» **Exercise goal**
Below are records with pictures; copy word for word only the lines between the line with "Western blot analysis" and the line with "Lane 3: Hela cells.", inclusive, and drop the pictures.
# # # # #
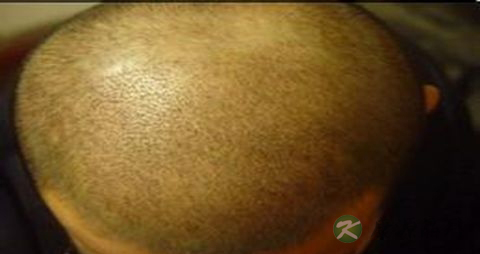 雄性激素源性脱发怎么治疗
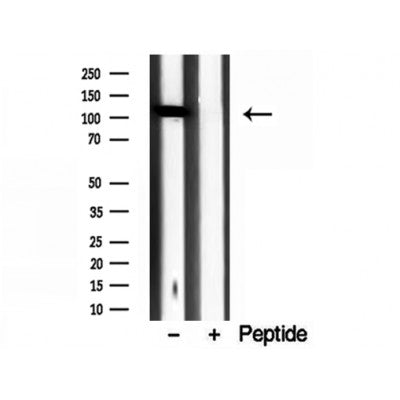 Western blot analysis of extracts from various samples, using IPO4 Antibody.
Lane 1: 293 cells treated with the blocking peptide;
Lane 2: 293 cells;
Lane 3: Hela cells.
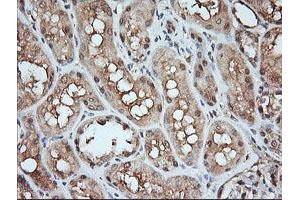 Image no. 2 for anti-Mitogen-Activated Protein Kinase Kinase 1 (MAP2K1) antibody (ABIN1499388) (MEK1 antibody)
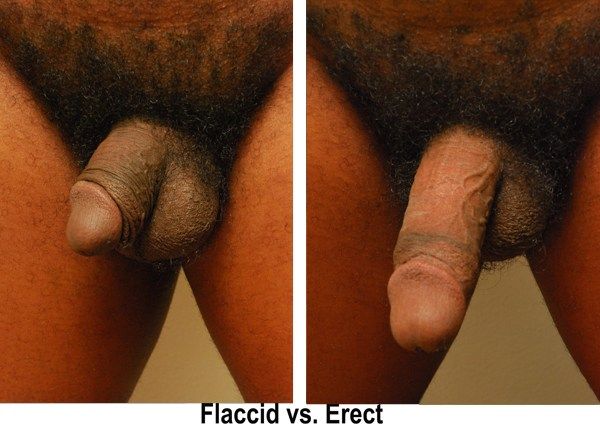 erect penis front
# # # # #
» **Solved problem**
 Western blot analysis of extracts from various samples, using IPO4 Antibody.
Lane 1: 293 cells treated with the blocking peptide;
Lane 2: 293 cells;
Lane 3: Hela cells.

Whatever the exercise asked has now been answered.